### AIM OF THE EXERCISE
Beginning with the line that holds "Stainless Steel Round" and ending with the last line below, please copy every line exactly, add nothing, and leave out the pictures.

○ ○ ○ ○ ○ ○ ○

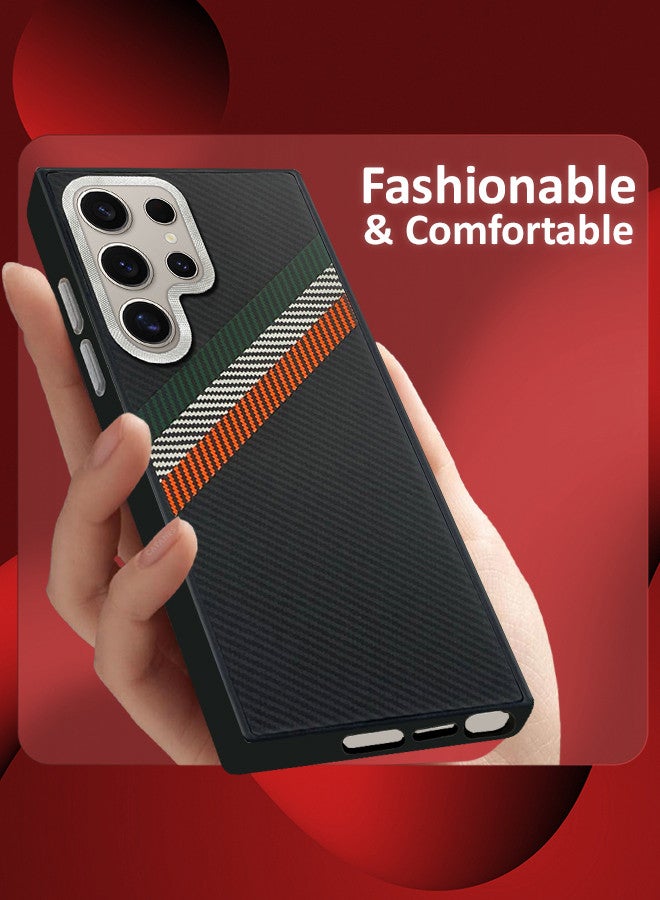 CATANES [for Samsung Galaxy S24 Ultra] Case Cover Carbon Fiber Pattern Phone Case Slim Shockproof Back Cover - Image 4
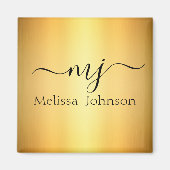 Elegante initialen op goud magneet (Voorkant)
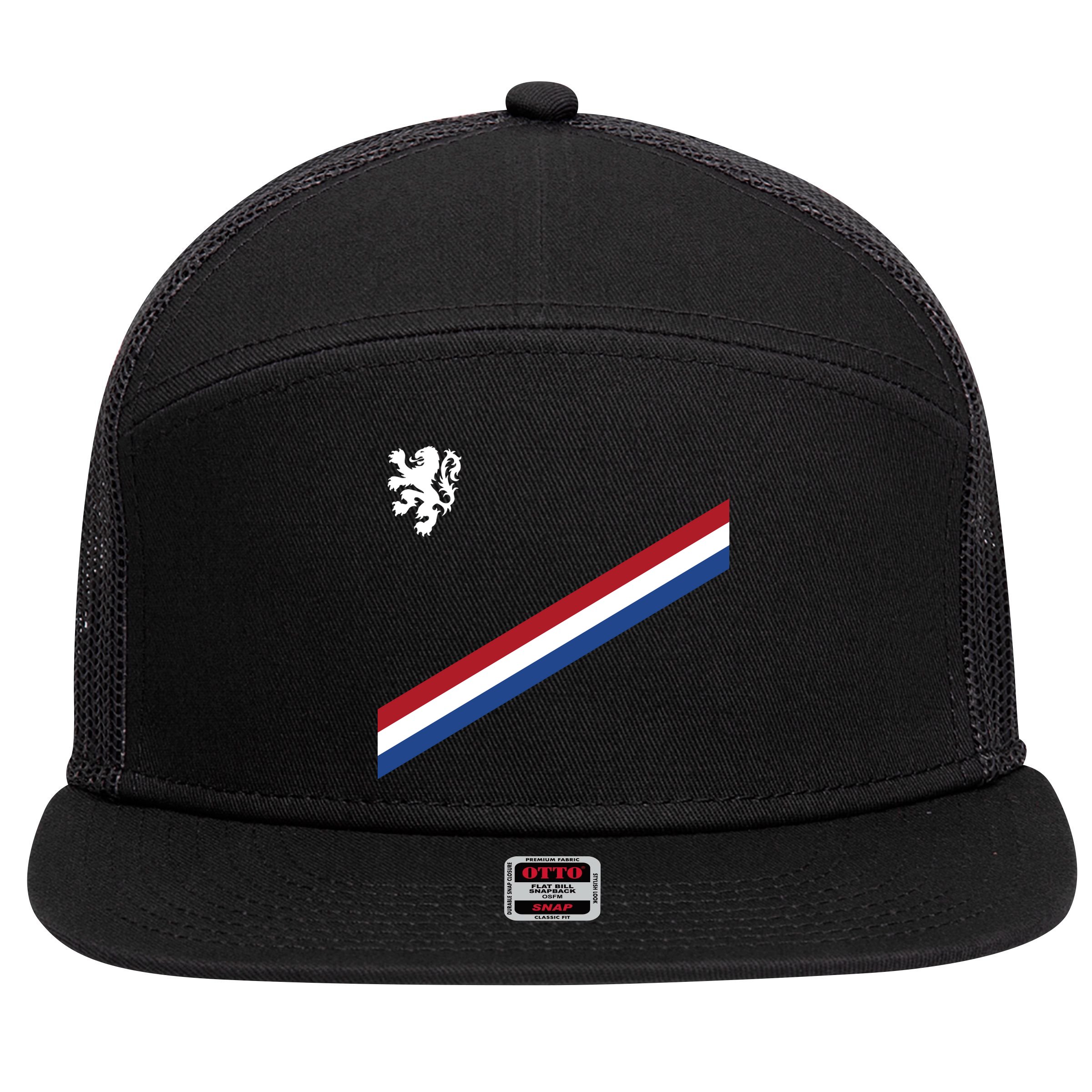 Netherlands Soccer Dutch Logo Flag 7 Panel Mesh Trucker Snapback Hat
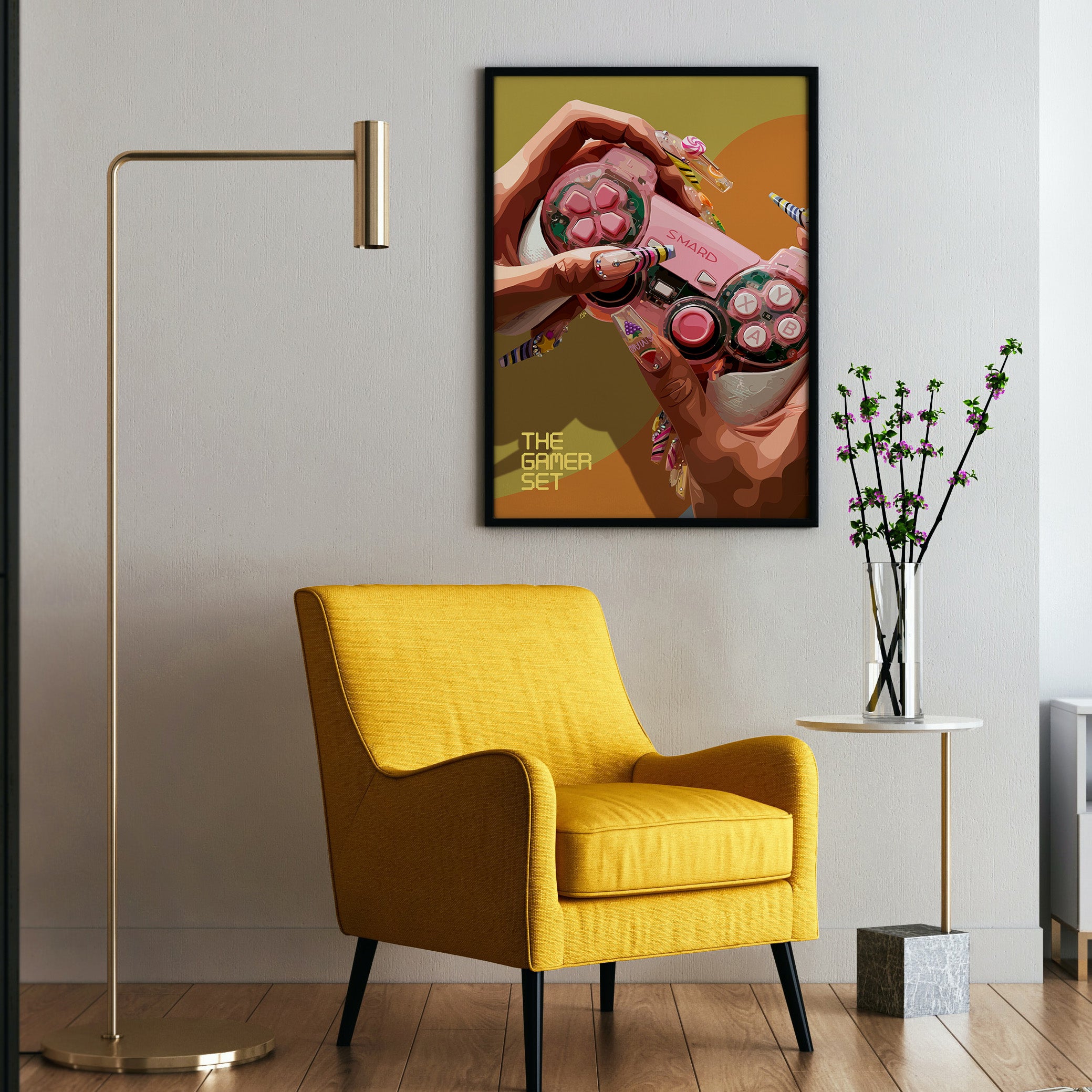 The Gamer Set-wall art print featuring decorative artistic design suitable for living rooms, offices, and schools by SmardArt. Elevate your space with Black wall art that speaks to culture, identity, and creativity. At Smard, we celebrate artistry made with melanin, bringing powerful and inspiring designs to life.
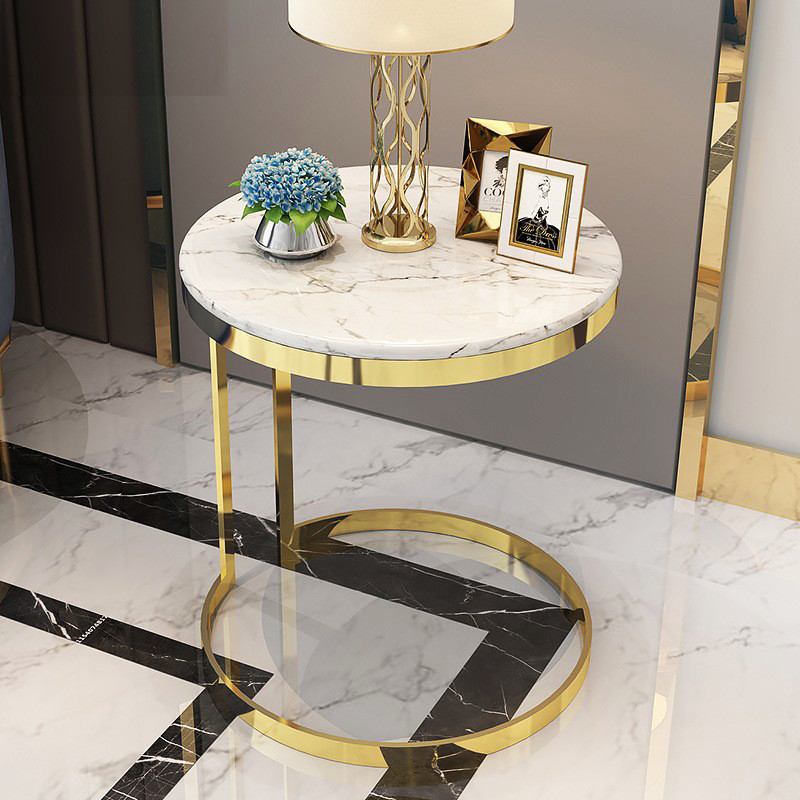 Stainless Steel Round Sofa Side Table Telephone Table Smooth Surface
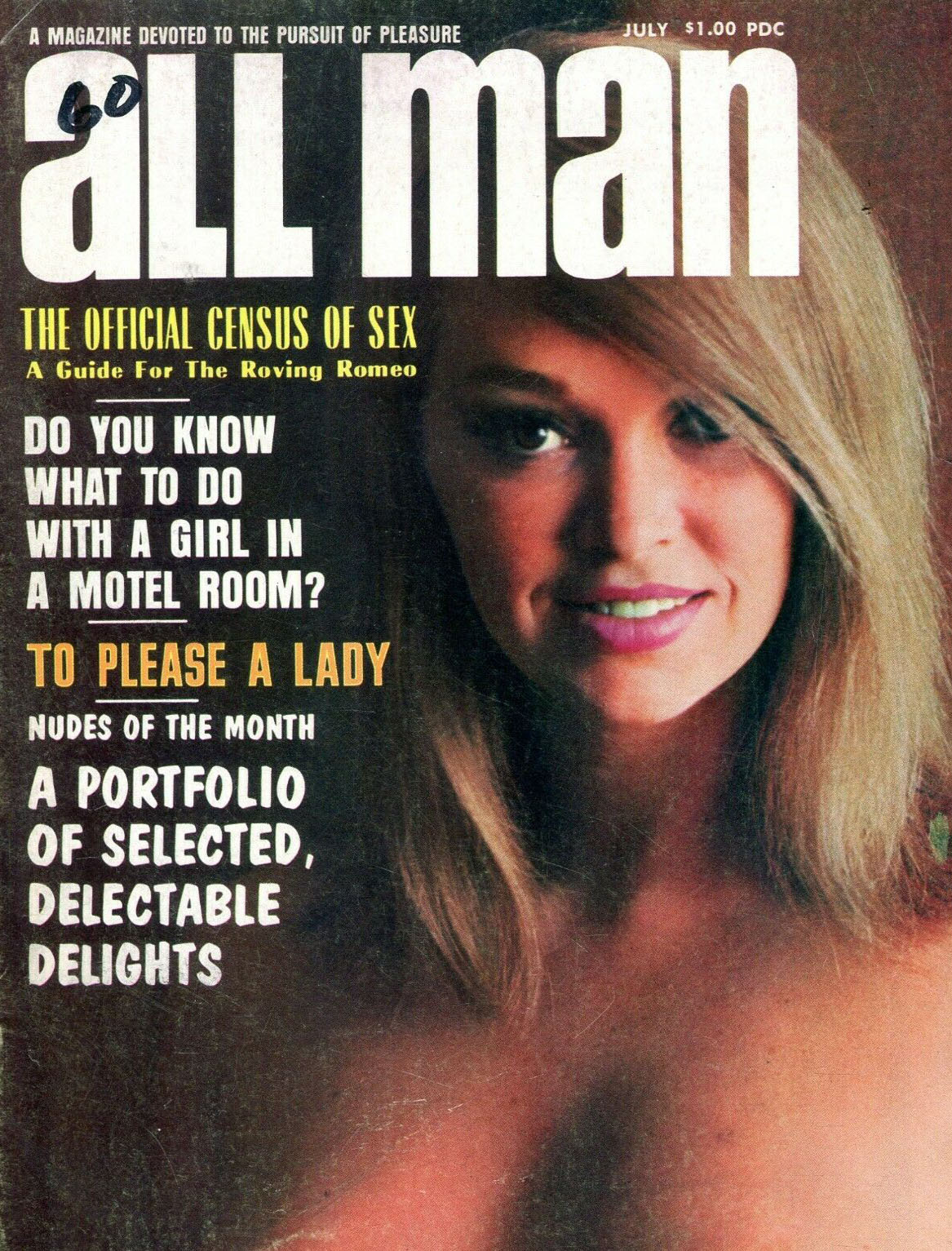 All Man July 1970 magazine back issue All Man magizine back copy 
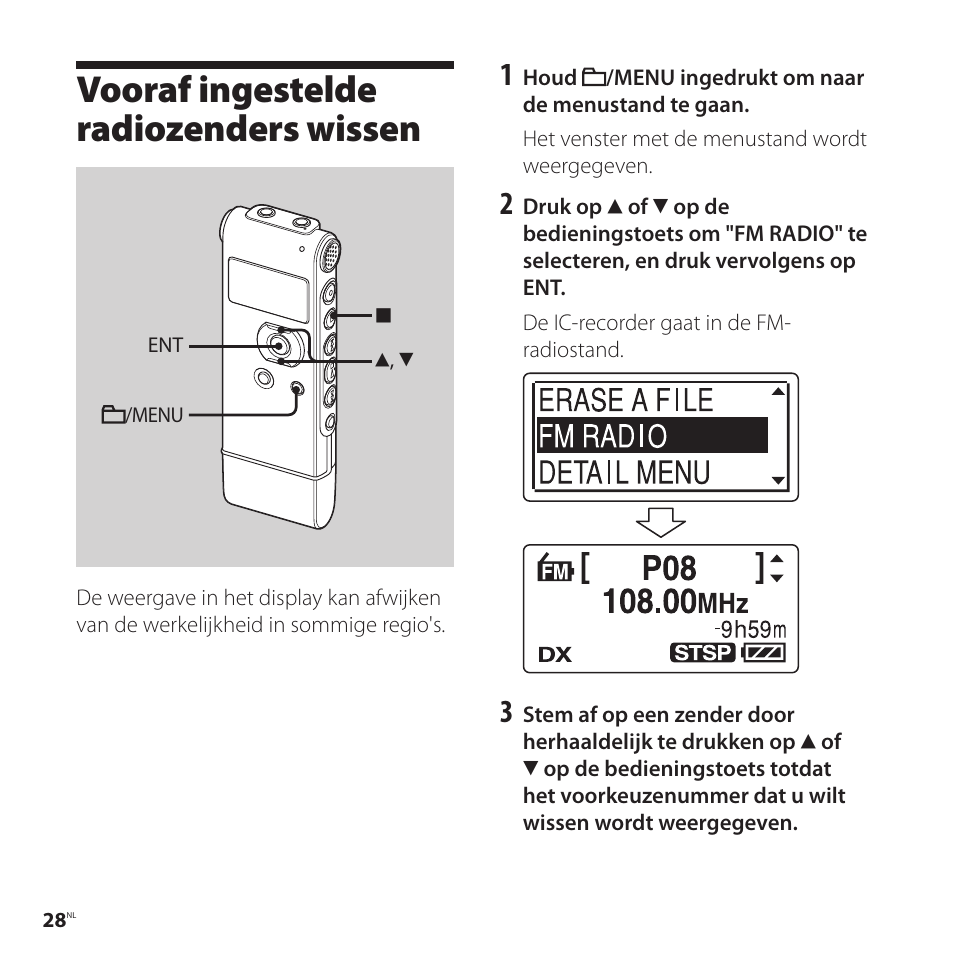 Vooraf ingestelde radiozenders wissen, Vooraf ingestelde radiozenders, Wissen | Sony ICD-UX81F User Manual | Page 118 / 122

○ ○ ○ ○ ○ ○ ○

### THE COMPLETED TASK
 Stainless Steel Round Sofa Side Table Telephone Table Smooth Surface
 All Man July 1970 magazine back issue All Man magizine back copy 
 Vooraf ingestelde radiozenders wissen, Vooraf ingestelde radiozenders, Wissen | Sony ICD-UX81F User Manual | Page 118 / 122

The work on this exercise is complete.